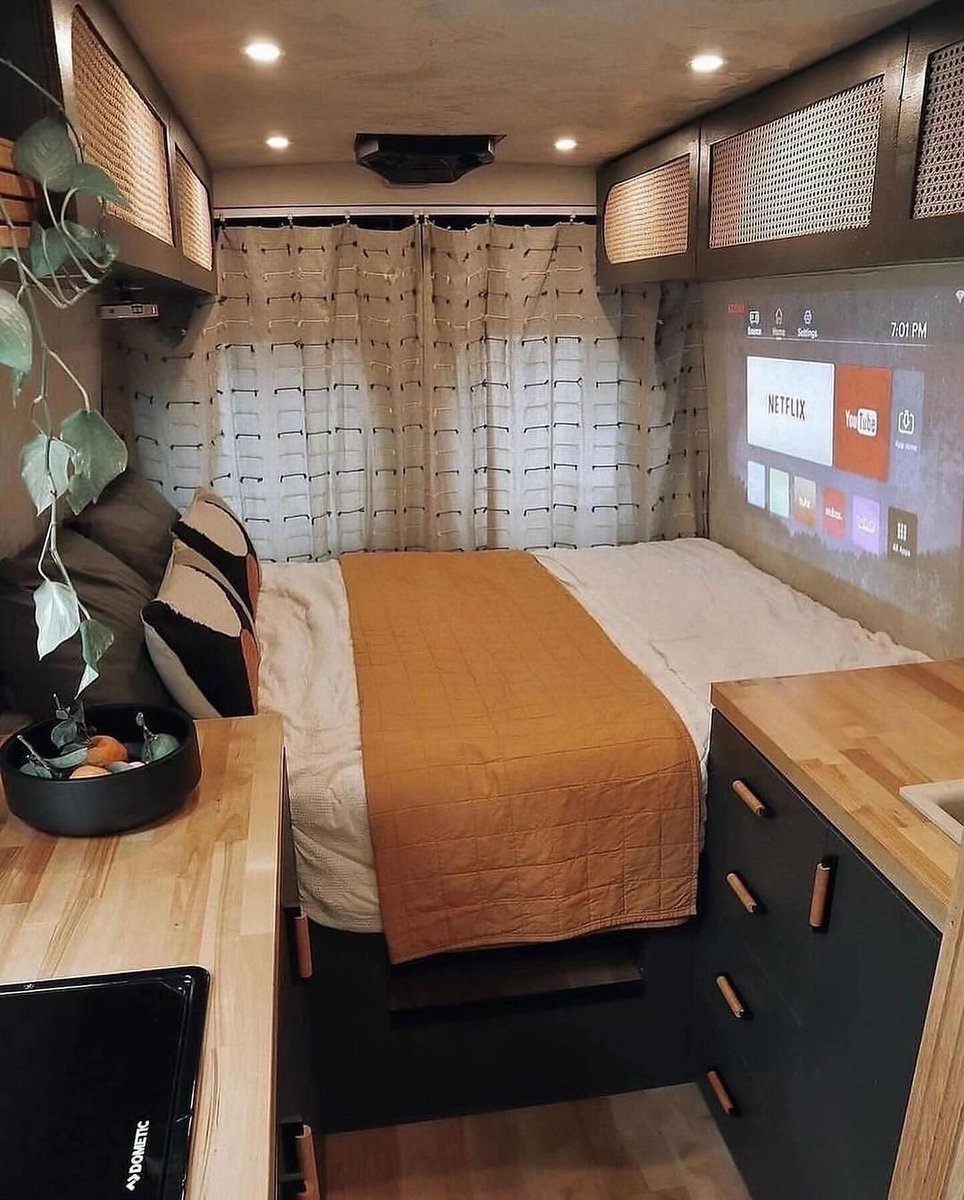 Exploring @vanlifecamps' dreamy campervan interior - where every detail screams comfort! 

From the snug blankets to the ambient lights, and a projector setup for the ultimate Netflix and chill vibes on the road. 🚐

#camperbuyer #campervaninterior #vanlife #camperdesign #living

▸ **TASK REQUIREMENTS**
In your transcription of the listing above, match each line exactly and include no pictures.

▸ **RESPONSE TO THIS EXERCISE**
 Exploring @vanlifecamps' dreamy campervan interior - where every detail screams comfort! 

From the snug blankets to the ambient lights, and a projector setup for the ultimate Netflix and chill vibes on the road. 🚐

#camperbuyer #campervaninterior #vanlife #camperdesign #living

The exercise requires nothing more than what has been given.